8.5 Exercise Three: Viewing aligned data
We have aligned our data but it is currently a table of where the reads align. This is hard to read, so we will use JBrowse to view the data.
Go to STATISTICS AND VISUALIZATION: Graph/Display Data and select “JBrowse”. Under “Reference genome to display” ensure that “Use a genome from history” is selected. Below this, make sure that the SARS-CoV-2_reference_genome.fasta file is selected. Click “Execute”.
You should see a new JBrowse item appear in your history. Click the eye icon () to open JBrowse. You will need to click on the magnifying glasses to zoom in, but you should see the A,C,G, and Ts and their corresponding colors that make up the SARS-CoV-2 genome!

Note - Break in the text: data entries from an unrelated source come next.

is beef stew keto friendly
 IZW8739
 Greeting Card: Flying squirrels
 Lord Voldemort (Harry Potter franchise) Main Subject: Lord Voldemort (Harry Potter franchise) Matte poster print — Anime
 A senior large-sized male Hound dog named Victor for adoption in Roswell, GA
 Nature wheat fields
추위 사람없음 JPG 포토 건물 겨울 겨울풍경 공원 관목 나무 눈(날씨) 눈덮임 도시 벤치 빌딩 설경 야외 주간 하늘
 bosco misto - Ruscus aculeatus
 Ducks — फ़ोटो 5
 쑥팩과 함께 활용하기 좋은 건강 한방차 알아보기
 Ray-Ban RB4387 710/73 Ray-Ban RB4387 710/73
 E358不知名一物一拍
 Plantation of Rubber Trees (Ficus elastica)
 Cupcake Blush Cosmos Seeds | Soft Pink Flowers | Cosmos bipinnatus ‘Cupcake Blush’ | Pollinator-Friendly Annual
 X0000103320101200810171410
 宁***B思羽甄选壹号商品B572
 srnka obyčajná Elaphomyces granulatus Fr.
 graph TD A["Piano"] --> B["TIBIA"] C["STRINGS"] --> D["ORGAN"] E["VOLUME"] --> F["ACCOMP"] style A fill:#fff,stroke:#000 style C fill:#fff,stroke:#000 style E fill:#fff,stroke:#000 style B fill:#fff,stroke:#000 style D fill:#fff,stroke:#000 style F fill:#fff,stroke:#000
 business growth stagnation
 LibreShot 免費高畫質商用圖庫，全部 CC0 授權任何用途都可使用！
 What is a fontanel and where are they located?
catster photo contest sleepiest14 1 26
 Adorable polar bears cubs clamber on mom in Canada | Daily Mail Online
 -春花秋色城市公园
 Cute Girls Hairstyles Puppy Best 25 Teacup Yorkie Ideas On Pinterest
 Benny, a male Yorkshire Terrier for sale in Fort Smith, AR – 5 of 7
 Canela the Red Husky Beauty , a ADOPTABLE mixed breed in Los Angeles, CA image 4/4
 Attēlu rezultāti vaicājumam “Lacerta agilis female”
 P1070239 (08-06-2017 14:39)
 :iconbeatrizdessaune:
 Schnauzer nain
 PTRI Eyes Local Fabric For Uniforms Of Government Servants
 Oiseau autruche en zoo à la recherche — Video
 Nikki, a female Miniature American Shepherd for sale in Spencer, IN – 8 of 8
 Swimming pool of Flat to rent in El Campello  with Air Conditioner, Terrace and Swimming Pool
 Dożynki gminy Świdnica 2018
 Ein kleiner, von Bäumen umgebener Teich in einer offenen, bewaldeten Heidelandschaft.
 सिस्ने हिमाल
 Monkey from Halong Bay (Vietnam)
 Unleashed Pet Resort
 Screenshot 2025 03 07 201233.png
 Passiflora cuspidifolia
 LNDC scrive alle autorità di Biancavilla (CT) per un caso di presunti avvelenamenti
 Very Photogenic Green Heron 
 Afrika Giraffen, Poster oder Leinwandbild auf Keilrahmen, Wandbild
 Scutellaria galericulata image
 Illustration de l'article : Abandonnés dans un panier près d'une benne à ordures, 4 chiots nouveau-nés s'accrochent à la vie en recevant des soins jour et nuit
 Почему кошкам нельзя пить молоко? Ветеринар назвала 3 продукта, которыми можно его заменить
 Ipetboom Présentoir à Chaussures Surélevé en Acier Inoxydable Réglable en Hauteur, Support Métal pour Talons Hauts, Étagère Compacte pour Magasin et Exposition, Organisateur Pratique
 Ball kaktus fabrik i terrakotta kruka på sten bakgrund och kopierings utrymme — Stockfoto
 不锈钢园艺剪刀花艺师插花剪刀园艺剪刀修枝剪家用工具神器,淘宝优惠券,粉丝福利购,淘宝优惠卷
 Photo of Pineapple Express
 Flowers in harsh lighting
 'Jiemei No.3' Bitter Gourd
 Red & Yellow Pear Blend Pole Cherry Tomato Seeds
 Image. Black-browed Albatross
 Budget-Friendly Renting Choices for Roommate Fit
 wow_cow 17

This is interesting, but it doesn’t let us compare the genome to the sample we have. We suspect there may be some differences that indicate our sample is the delta variant. Go back to STATISTICS AND VISUALIZATION: Graph/Display Data and select “JBrowse”. Just like before, under “Reference genome to display”, ensure that “Use a genome from history” is selected. Below this, make sure that the SARS-CoV-2_reference_genome.fasta file is selected.
This time, we’ll add our alignment data from Exercise Two. Click the “+ Insert Track Group” button.
Click “+ Insert Annotation Track” to add our alignment data.
You’ll keep everything the same except the following:
- Track Type: BAM Pileups
- Autogenerate SNP Track: Yes
- Maximum size of BAM chunks: Add one more zero: 50000000
These arguments tell JBrowse what kind of data we are using, as well as some memory options. Click “Execute”.
You should see a new JBrowse item appear in your history. Click the eye icon () to open JBrowse. Make sure that all boxes are checked on the left side: “Available Tracks”. Note that the tracks show up in the order that you click on them.
Let’s look at an example mutation in our sample. Type in the reference position “24410” and click “Go”. You should see a bunch of “A”s highlighted in green throughout our sample. The reference sequence (top line) is a “G” but all of the reads are an “A”. This means that our sample is genetically different from the established SARS-CoV-2 reference genome! Researchers often call these single base differences “SNPs” - Single Nucleotide Polymorphisms.
QUESTIONS:
How long is the SARS-CoV-2 genome? Hint: zoom out and scroll to the end of the genome.
Locate position 23,603. This is the site of an important mutation in the spike protein of the delta variant “P681R”. In this mutation, the amino acid proline is replaced by arginine. Is this mutation present at position 23,603 in our sample? Based on the evidence, do you think this sample is a delta variant?
Breakout Box: Sequencing errors
It’s possible to make mistakes in the data preparation before we get to the data analysis. Sometimes this happens when the samples are being prepared in the lab and sometimes this happens because the sequencer makes a mistake. This is one reason why quality scores are helpful. With millions of reads of data, it’s more likely that we see a “SNP” that is actually an accident. Multiple copies of the same areas of our data (“read depth”) help us be sure it’s a real SNP. When we compare across lots of aligned reads of the same area, we can determine the actual sequence by consensus. For example, we can be reasonably confident that the “G” at position 1,203 shown below is just a sequencing or lab mistake.